§ **REQUIRED ACTION**: Could you repeat the records below exactly, leaving out any pictures?

************

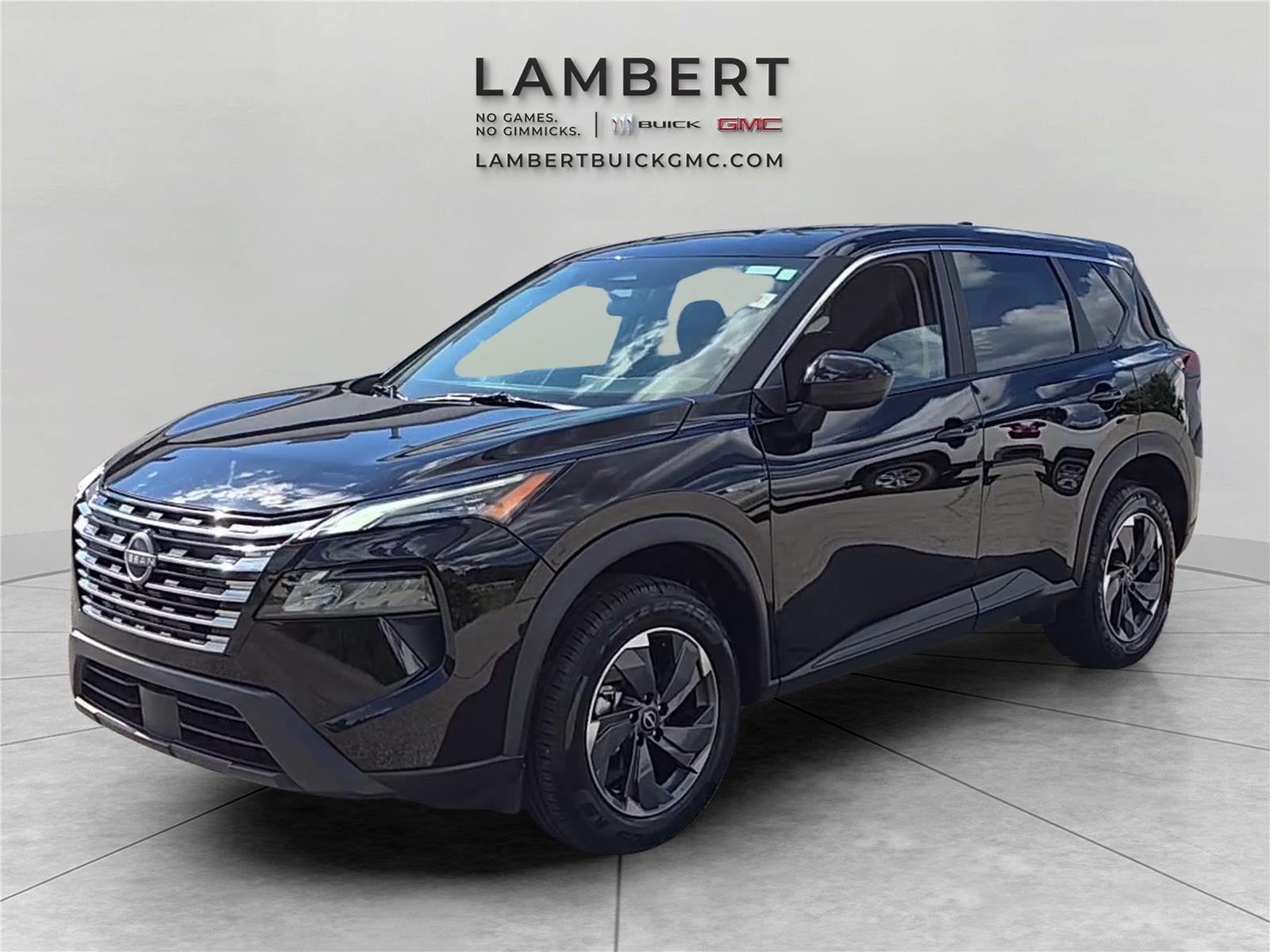 2025 Nissan Rogue SV in Super Black — front three-quarter view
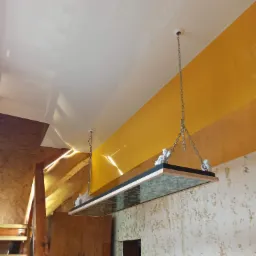 Biały, błyszczący sufit napinany z zamontowaną designerską lampą wiszącą na łańcuchach, żółta ściana w tle, fragment drewnianych schodów i boazerii.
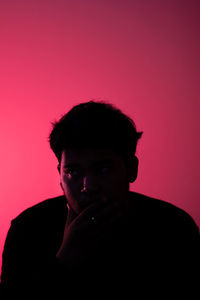 Portrait of young man against red background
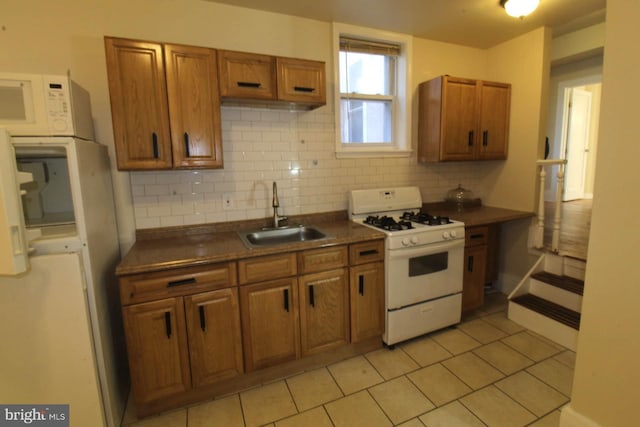 kitchen with sink, light tile patterned floors, white appliances, and decorative backsplash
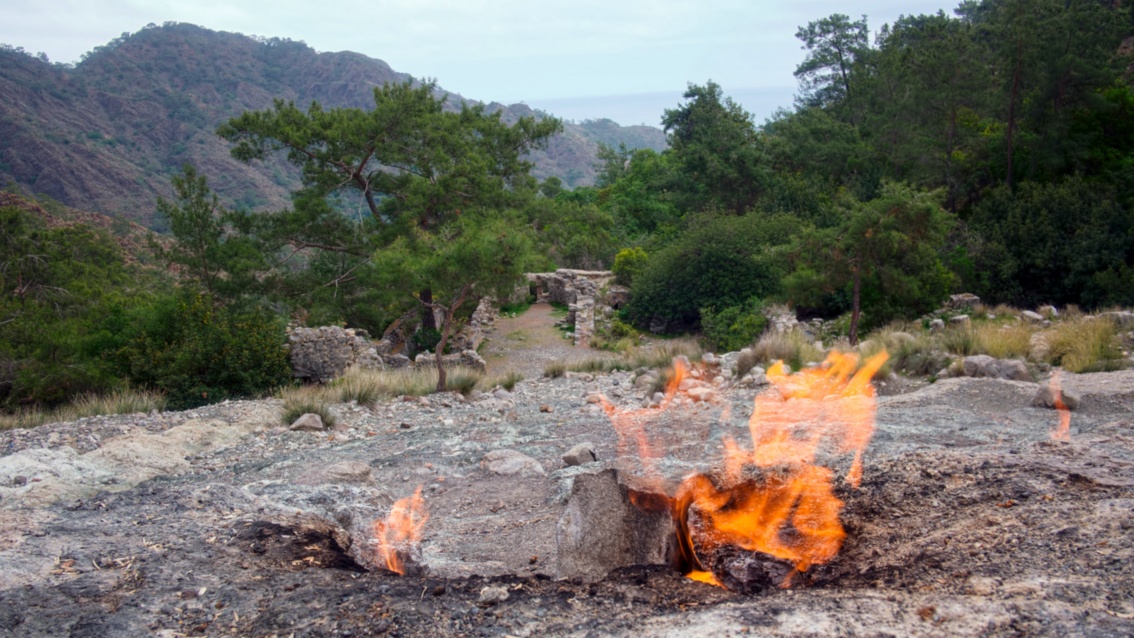 Aus einem steinigen Untergrund vor einer hügeligen Waldlandscheft schlagen große Flammen aus dem Boden.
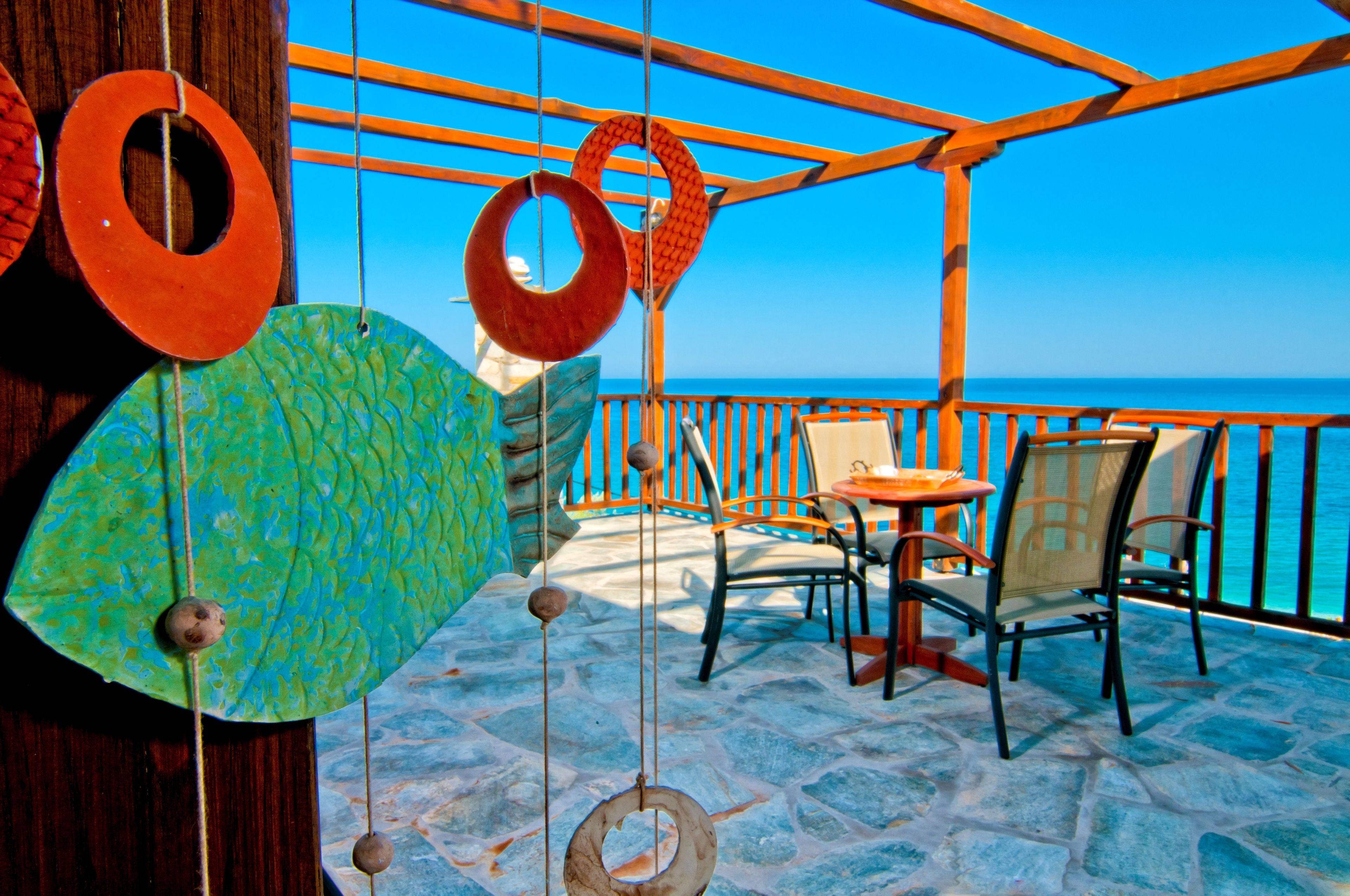 Een terras met stenen vloer, houten stoelen en tafels, met uitzicht op een heldere blauwe zee.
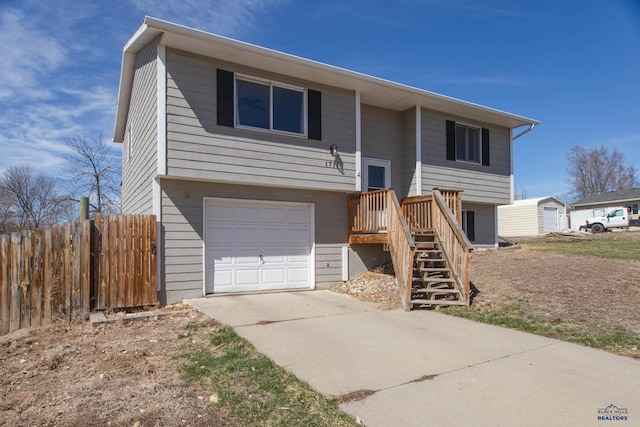 1711 Plateau Ln, Rapid City, SD 57703 - raised ranch featuring an attached garage, fence, and driveway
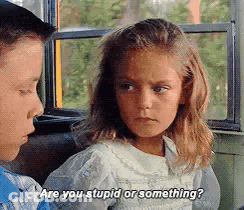 A Boy And A Girl Are Sitting On A Bus And The Girl Is Asking The Boy Are You Stupid Or Something . GIF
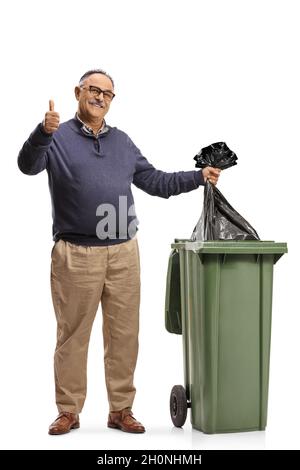 Arab man throwing a plastic waste bag in a bin with a pile of bags ...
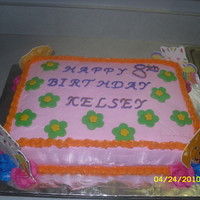 Lisa Frank Themed Cake This cake is done with all butter cream and has fondant and color flow icing accents.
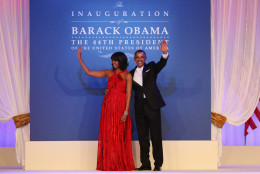 WASHINGTON, DC - JANUARY 21:  U.S. President Barack Obama and first lady Michelle Obama wave to the crowd during the Public Inaugural Ball at the Walter E. Washington Convention Center on January 21, 2013 in Washington, DC. President Obama was sworn in for his second term earlier in the day.  (Photo by Mario Tama/Getty Images)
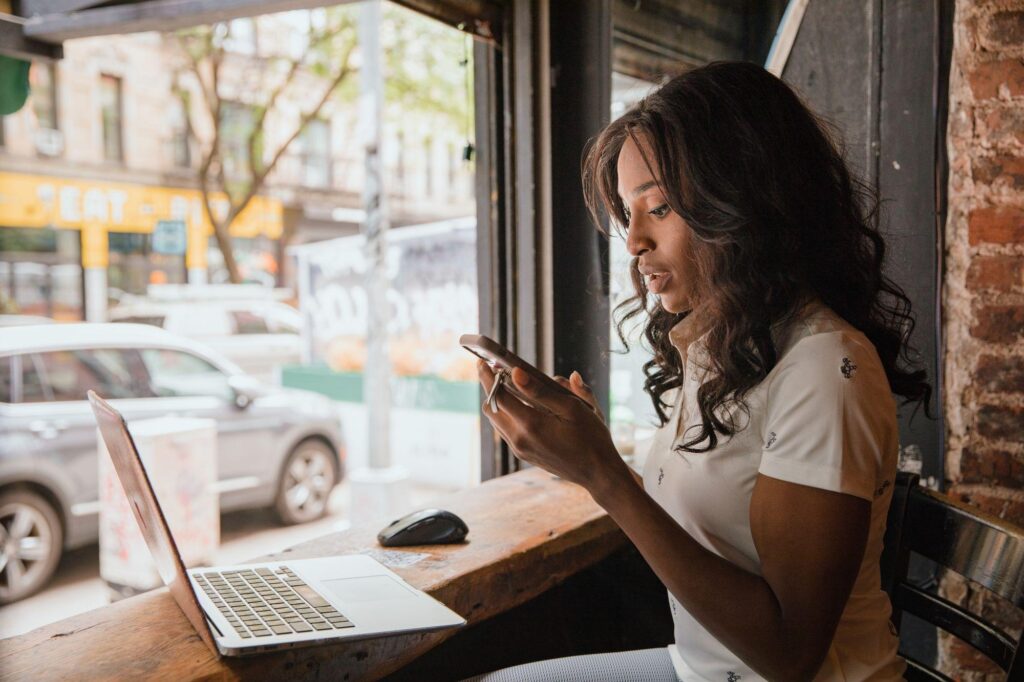 Should Employees Use Personal Devices for Work? The Hidden Risks for NJ Businesses 2 Should employees use personal devices for work - employee checking company email on a personal phone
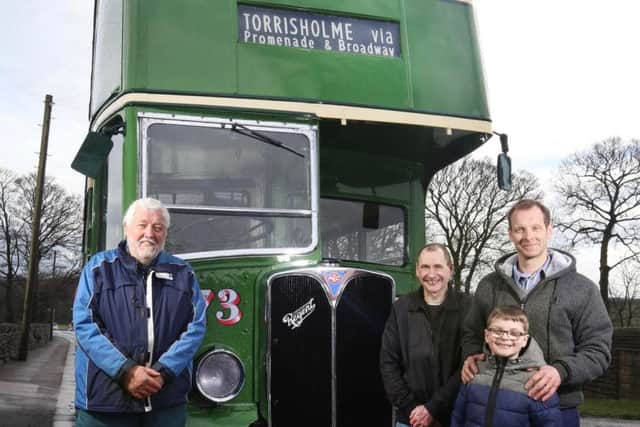 Darren Hunt (extreme right) and his friend John Hewitt (second right) with the bus they jointly own and have rebuilt.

************

§ **TASK OUTPUT**:
 2025 Nissan Rogue SV in Super Black — front three-quarter view
 Biały, błyszczący sufit napinany z zamontowaną designerską lampą wiszącą na łańcuchach, żółta ściana w tle, fragment drewnianych schodów i boazerii.
 Portrait of young man against red background
 kitchen with sink, light tile patterned floors, white appliances, and decorative backsplash
 Aus einem steinigen Untergrund vor einer hügeligen Waldlandscheft schlagen große Flammen aus dem Boden.
 Een terras met stenen vloer, houten stoelen en tafels, met uitzicht op een heldere blauwe zee.
 1711 Plateau Ln, Rapid City, SD 57703 - raised ranch featuring an attached garage, fence, and driveway
 A Boy And A Girl Are Sitting On A Bus And The Girl Is Asking The Boy Are You Stupid Or Something . GIF
 Arab man throwing a plastic waste bag in a bin with a pile of bags ...
 Lisa Frank Themed Cake This cake is done with all butter cream and has fondant and color flow icing accents.
 WASHINGTON, DC - JANUARY 21:  U.S. President Barack Obama and first lady Michelle Obama wave to the crowd during the Public Inaugural Ball at the Walter E. Washington Convention Center on January 21, 2013 in Washington, DC. President Obama was sworn in for his second term earlier in the day.  (Photo by Mario Tama/Getty Images)
 Should Employees Use Personal Devices for Work? The Hidden Risks for NJ Businesses 2 Should employees use personal devices for work - employee checking company email on a personal phone
 Darren Hunt (extreme right) and his friend John Hewitt (second right) with the bus they jointly own and have rebuilt.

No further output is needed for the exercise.